Siamo ancora a ottobre, la stagione è cominciata da poco ma tanto è successo e tutto è ancora in discussione, quantomeno sul piano sportivo, e allora credo che l’urgenza della Roma (società) debba essere, sia la ricostruzione di un rapporto al momento inesistente con la parte più influente, presente e storicamente rumorosa della tifoseria.
Non è pensabile proseguire con assenze che si aggiungono ad assenze: mi riferisco ai quarti d’ora di silenzio e vuoti della curva, riempiti da striscioni fin troppo espliciti, che sottolineano la distanza attuale tra la proprietà e la piazza. Una proprietà che non fa mancare mai il denaro, i milioni, ma che abbonda anche in sorprese e shock, quasi sempre inspiegabili o mai chiariti.
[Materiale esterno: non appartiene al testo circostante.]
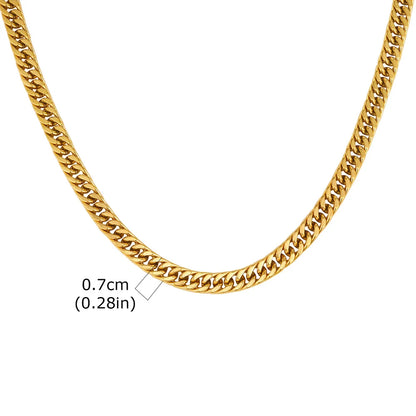 Men's Stainless Steel Cuban Link Chain Necklace Waterproof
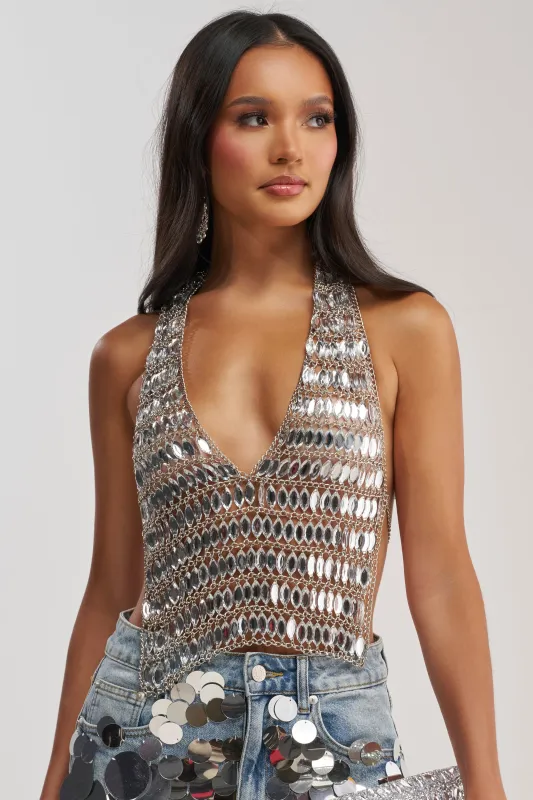 SILVER CASCADE RHINESTONE TOP made by AKIRA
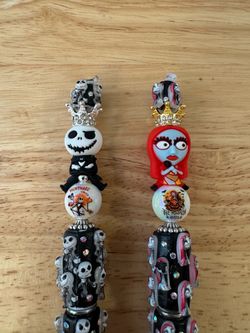 Halloween Nightmare Pumpkin King & Queen Beaded Gift Pen Set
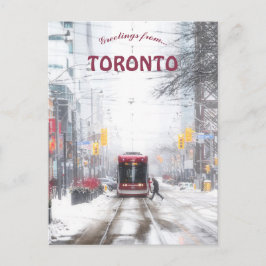 Streetcar auf einem Schneetag in Toronto Ontario Postkarte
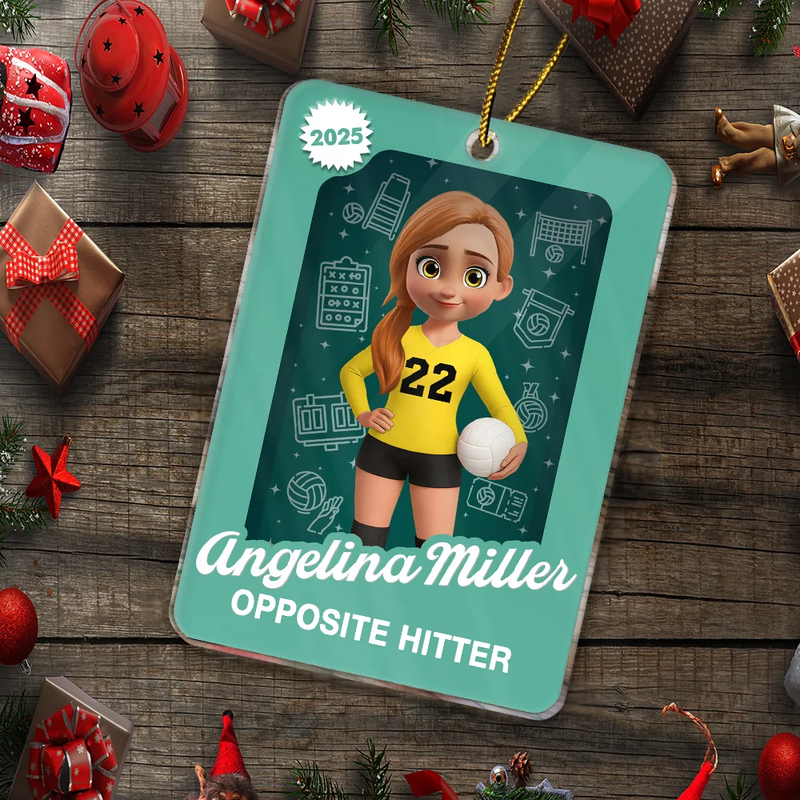 Gift For Yourself,Gift For Women,Gift For Men,Christmas,Happy - 3D Effect Volleyball Player Toy Box - Personalized Custom Shaped Acrylic Ornament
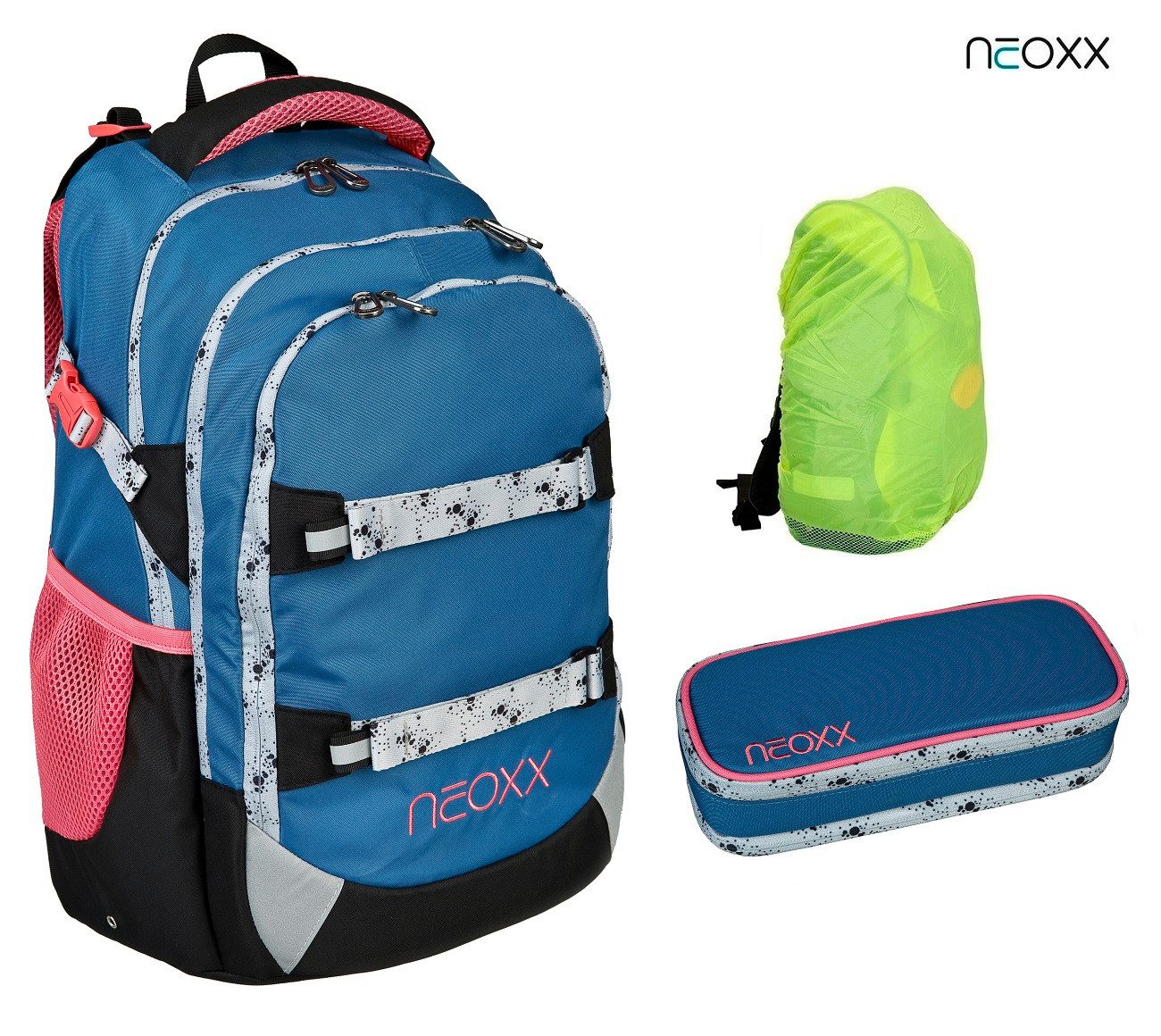 neoxx Schulrucksack Schulrucksack Active & Schlamperbox im Set (Set, 3-tlg., Inkl. Catch (Schlamper) und Regenhülle), für Mädchen 5. bis 12. Klasse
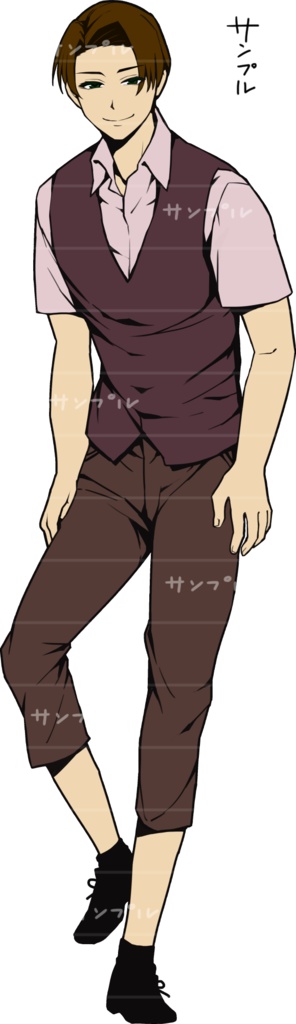 男性の全身の立ち絵01(表情16種)5/6日更新済おまけ追加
L’aspetto paradossale della situazione è proprio questo: il tifoso non rimprovera ai Friedkin di non mettere i soldi, ma di non mettere altro, la faccia, di evitare qualsiasi contatto.
A questo punto non so se basterà presentare un nuovo dirigente (italiano, o di formazione italiana) per colmare in fretta i tanti vuoti: serve la voce del numero uno, serve un’assunzione di responsabilità di chi ha deciso di mettere risorse e impegno nella Roma. Servono risposte. Serve l’energia della presenza.
Perché, per dirla alla Coelho, anche l’assenza di risposte è una risposta.
PS. Lo Zalewski della nazionale polacca è un giocatore che alla Roma non si è mai visto: qui gioca il cugino titubante e confuso; i piedi di Celik sono il quarto segreto di Fatima e insomma mi chiedo di nuovo perché Dahl e perché Abdulhamid, visto che da anni sugli esterni la Roma non vale la serie. Della squadra di ieri salvo Svilar, Dovbyk, N’Dicka. E Dybala, a prescindere.